Klavierfestival

Grandioser Abend mit Krystian Zimerman beim Klavierfestival

Krystian Zimerman

Krystian Zimerman

Essen.  Stehende Ovationen für einen ganz großen Pianisten: Der Essener Abend mit Krystian Zimerman beim Klavierfestival Ruhr setzte Maßstäbe.

Ganz dem Motto des diesjährigen Klavierfestivals galt Krystian Zimermans grandioser Abend in der voll besetzten Essener Philharmonie: „Geist und Zusammenhalt Europas“ leuchtete er in so unterschiedlichen, wenn auch ähnlich weltoffener Komponisten wie dem Norddeutschen Johannes Brahms und dem Pole Frédéric Chopin aus.

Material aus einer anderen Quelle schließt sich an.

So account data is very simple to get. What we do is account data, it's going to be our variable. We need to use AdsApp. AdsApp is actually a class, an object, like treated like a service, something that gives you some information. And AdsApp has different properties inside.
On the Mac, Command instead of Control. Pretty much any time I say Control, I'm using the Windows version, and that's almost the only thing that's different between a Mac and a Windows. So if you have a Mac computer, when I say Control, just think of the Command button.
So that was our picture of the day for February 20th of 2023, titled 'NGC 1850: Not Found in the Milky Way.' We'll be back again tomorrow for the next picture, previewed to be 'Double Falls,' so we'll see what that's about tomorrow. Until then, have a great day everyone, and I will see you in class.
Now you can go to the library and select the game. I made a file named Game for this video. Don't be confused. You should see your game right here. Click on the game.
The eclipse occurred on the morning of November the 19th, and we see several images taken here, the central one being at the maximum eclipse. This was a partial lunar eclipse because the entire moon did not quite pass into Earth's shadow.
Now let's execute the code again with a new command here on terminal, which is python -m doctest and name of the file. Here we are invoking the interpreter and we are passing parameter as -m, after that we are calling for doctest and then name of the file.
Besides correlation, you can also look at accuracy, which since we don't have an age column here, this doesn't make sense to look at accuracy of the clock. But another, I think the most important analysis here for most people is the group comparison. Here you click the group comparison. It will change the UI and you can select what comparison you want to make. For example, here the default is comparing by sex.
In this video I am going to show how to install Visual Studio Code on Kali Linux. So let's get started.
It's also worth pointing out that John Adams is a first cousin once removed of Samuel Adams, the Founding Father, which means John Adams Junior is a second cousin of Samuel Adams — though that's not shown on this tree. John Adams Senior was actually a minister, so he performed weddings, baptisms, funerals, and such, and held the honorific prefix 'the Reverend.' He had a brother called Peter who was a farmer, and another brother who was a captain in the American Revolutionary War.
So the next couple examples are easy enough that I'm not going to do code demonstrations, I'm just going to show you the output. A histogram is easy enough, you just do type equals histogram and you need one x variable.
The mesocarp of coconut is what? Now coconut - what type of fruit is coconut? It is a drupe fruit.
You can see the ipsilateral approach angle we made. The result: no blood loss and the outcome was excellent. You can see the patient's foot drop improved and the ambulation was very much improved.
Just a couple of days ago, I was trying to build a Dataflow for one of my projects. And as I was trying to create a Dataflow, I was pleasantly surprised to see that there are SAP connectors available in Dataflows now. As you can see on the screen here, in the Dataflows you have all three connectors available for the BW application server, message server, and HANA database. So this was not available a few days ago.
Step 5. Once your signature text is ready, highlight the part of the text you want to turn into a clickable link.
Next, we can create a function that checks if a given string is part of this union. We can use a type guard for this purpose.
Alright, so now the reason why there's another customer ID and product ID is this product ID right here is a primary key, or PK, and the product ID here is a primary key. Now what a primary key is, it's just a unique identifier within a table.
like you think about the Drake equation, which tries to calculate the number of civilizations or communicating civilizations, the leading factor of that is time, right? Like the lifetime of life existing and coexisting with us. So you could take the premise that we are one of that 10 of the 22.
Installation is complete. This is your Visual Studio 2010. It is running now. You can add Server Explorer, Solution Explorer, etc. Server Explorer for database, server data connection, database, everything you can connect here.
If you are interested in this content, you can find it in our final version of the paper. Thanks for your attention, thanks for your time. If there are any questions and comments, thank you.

Ohne die Unterschiede zu überspielen, gelingt es Zimerman mit seiner unerschöpflichen Gestaltungskraft und seinen nicht minder grenzenlosen pianistischen Möglichkeiten, eine geistige Verbindung herzustellen, indem er sowohl der gewaltigen 3. Klaviersonate des jungen Brahms als auch den Vier Scherzi Chopins in gleichem Maß die Kraft und die Poesie schenkt, mit denen er den jungen Brahms vom Klischee des ruppigen Raubeins und Chopin von parfümiertem Salondunst befreit.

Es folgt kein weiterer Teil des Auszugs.